Gibson was an outspoken critic both of the post-Vatican II Roman Catholic Church and of those Traditionalist Catholics who reject sedevacantism, such as the Society of Saint Pius X. In a 2003 interview he engaged in Holocaust denial, wondering how the Nazis could have disposed of six million bodies during the Holocaust and claimed that the September 11, 2001 attacks were perpetrated by remote control. He was also quoted as saying that the Second Vatican Council was "a Masonic plot backed by the Jews."
Early life and family[]
Gibson was born in Peekskill, New York, the son of businessman John Hutton Gibson (1884–1933) and Australian opera singer Eva Mylott (1875–1920). His maternal grandparents were Irish emigrants to Australia, while his father, who was from a wealthy tobacco-producing family from the American South, had Irish, English, Scottish, and Welsh ancestry.

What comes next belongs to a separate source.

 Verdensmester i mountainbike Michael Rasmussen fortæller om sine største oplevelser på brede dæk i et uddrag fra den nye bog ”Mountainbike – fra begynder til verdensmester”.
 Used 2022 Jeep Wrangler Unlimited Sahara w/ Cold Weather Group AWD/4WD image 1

He was raised in Chicago. His mother died when he was two years old and his father died when he was fifteen. Gibson supported his younger brother, Alexis, who died in his early twenties. He graduated from high school early, at age 15, and ranked third in his class.
According to Wensley Clarkson's biography of Mel Gibson, Hutton Gibson studied for the priesthood in a Chicago seminary which was operated by the Society of the Divine Word but he left the seminary because he considered the modernist theological doctrines which were being taught there disgusting. However, in 2003, Gibson stated that he really left the seminary because he did not want to be sent to New Guinea or the Philippines as a missionary. Instead, he found work with Western Union and the Civilian Conservation Corps. He also contributed to and edited the newsletter "The Pointer" while he worked in Wisconsin for the CCC from 1938–39.
After serving with the United States Marine Corps at the Battle of Guadalcanal, Gibson married Irish-born Anne Patricia Reilly on May 1, 1944, at the Catholic parish church of Our Lady of Good Counsel in Brooklyn, New York. They had ten children and adopted another one after their arrival in Australia. As of 2003, Gibson had 48 grandchildren and 15 great-grandchildren. His wife died in December 1990. In January 2002, he married Teddy Joye Hicks, but in 2012 Gibson filed for divorce due to irreconcilable differences. From early 2006, he resided in Westmoreland County, Pennsylvania near Pittsburgh after moving from Australia to Houston, Texas, in 1999, and to Summersville, West Virginia, in 2003.
Quiz show contestant[]
In 1968, Gibson appeared on the Art Fleming-hosted version of the game show Jeopardy! as "Red Gibson, a railroad brakeman from South Ozone Park, New York". Gibson won $4,680 and retired undefeated after five shows, in accordance with the rules of the show then in force. He was invited back to appear in the 1968 Tournament of Champions, where he became the year's grand champion, winning slightly over one thousand dollars more, as well as a two-person cruise to the West Indies. Art Fleming observed on the October 18, 1968, episode that the Jeopardy! staff had had difficulty informing Gibson about his invitation as Gibson had decamped with his family to County Tipperary, Ireland.
Gibson later participated in many Australian quiz shows, including Big Nine with Athol Guy and Ford Superquiz with Bert Newton. In 1986, The Sydney Morning Herald reported that Gibson had recently won $100,000 and an automobile in a TV quiz program.
Death[]
Gibson died on May 11, 2020 of natural causes at Thousand Oaks, California at the age of 101.